We Don't Know What We Need
If we’ve learned anything through this coronavirus crisis, it is that Americans don’t know what they need in order to live. The crisis struck quite suddenly, and what did we go out to buy for our survival? Toilet paper! As if that would save us from a sweeping virus. But it isn’t just toilet paper. Liquor stores are inundated with customers clambering after what might be their only chance to get booze to pass the time away in their quarantine. Or there are the stir crazy who up until the last moment, were going to Hobby Lobby to get those last few crafts, or else they might just die of boredom! It’s a good thing we still have Netflix.
None of these things are necessarily bad in their moderation, but it goes to the heart of the American problem that we truly do not know how to survive, and certainly do not know what it means to have life, unless life involves toilet paper, booze, crafts, and movies. So while none are bad, none will help us to live long-term at the most basic level, and none will in the end give the abundant life.
I certainly am not immune from this. I have bought toilet paper, been to the craft store in preparation for a quarantine, and watched Netflix. But the reality of this crisis and its impact on society has revealed how utterly dependent we are—dependent on each other, society, and ultimately on God. We are only a supply chain away from starvation. Most of us wouldn’t have the foggiest idea of how to survive without a functioning Walmart, or Publix nearby.
This is why Deuteronomy 8 struck me as I read the words of Moses to his people on the brink of entering the Promised Land, saying, “He humbled you and let you be hungry, and fed you with manna...that He might make you understand that man does not live by bread alone, but man lives by everything that proceeds out of the mouth of the Lord.”

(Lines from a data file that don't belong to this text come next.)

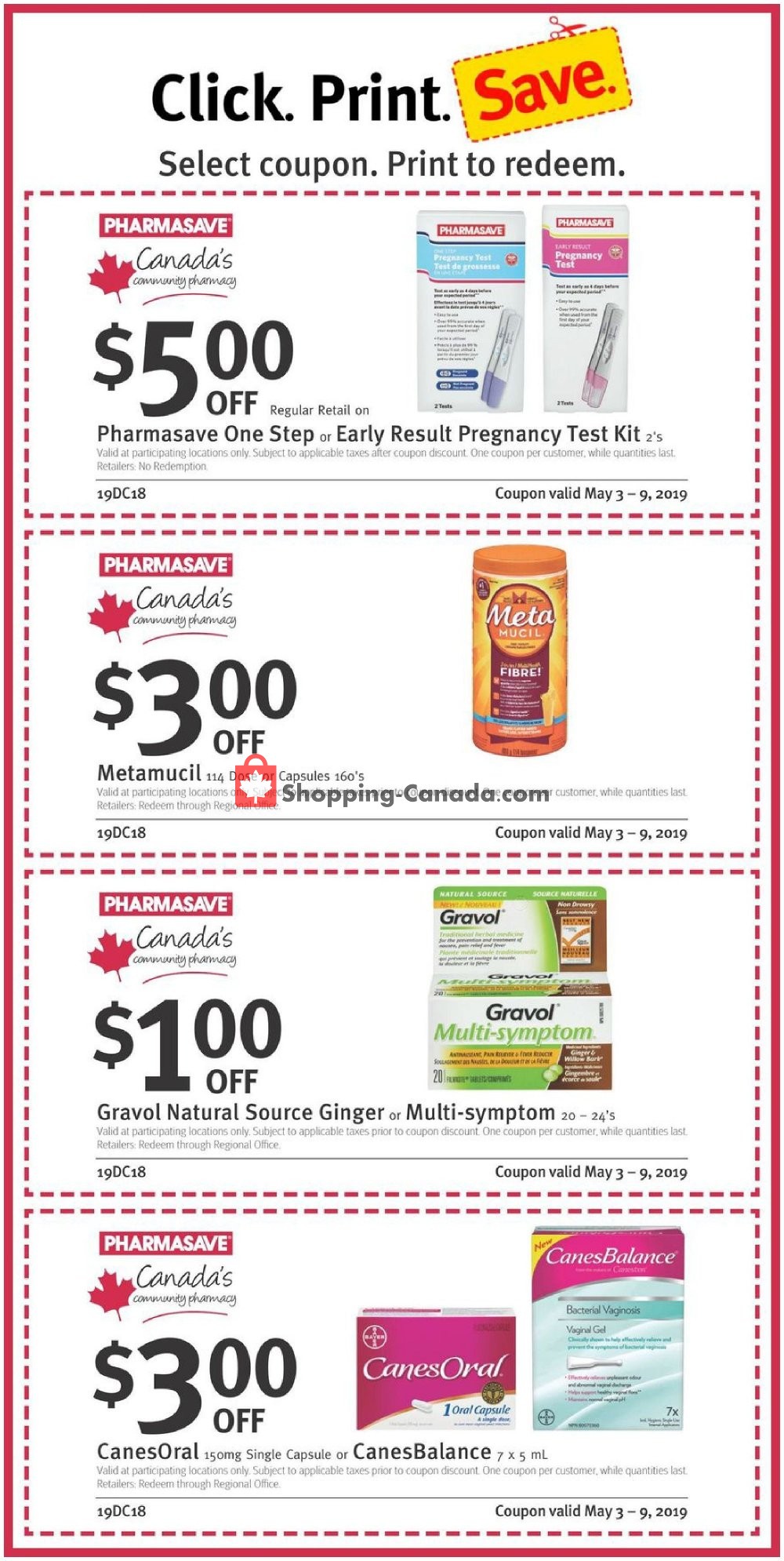 Pharmasave flyer from Friday May 3, 2019 to Thursday May 9, 2019 - page 2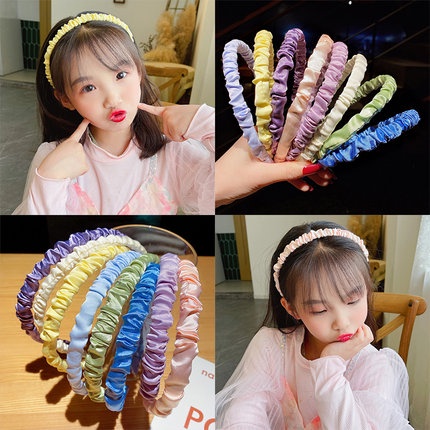 Băng Đô Cài Tóc Bằng Vải Voan Thanh Lịch Phong Cách Hàn Quốc Mới Cho Nữ
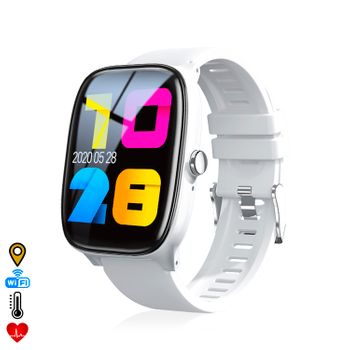 Smartwatch Dam D11w-xt  Infantil 4g Localizador Gps Y Wifi. Con Termómetro, Monitor Cardiaco. 3,8x1,6x5,5 Cm. Color: Blanco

It is an interesting biblical statement, all at once pointing us back to the reality of our real physical need for food, but at the same time making clear the source that meets that need. For the Hebrews, their supply chain to food was cut off from the world, but was in reality just a step closer to the real Source than the rest of the world.
We have been a privileged and in fact wealthy nation, and all of this wealth is coming to a magnificent, and scary halt. In an instant, we have been made helpless. But the reality is that we have been helpless all along.
Further along in Deuteronomy, Moses writes, “Otherwise, you may say in your heart, ‘My power and the strength of my hand made me this wealth. But you shall remember the Lord your God, for it is He who is giving you power to make wealth.”
I don’t think that this event is happening, necessarily as a direct result of our world’s disobedience—though it does fall within the result of our original sin. But it should, in a sense, awaken us to the reality that we, as a people, not only have no idea how to survive physically, but also we have no idea on our own to live—to truly live. We have not captured the reality, that man does not live by bread alone—bread that comes from the Lord as the source—but by the Word of the Lord. Our life, both physical and spiritual, hangs in the balance, and this moment in our history is a call to us to look to the source and live!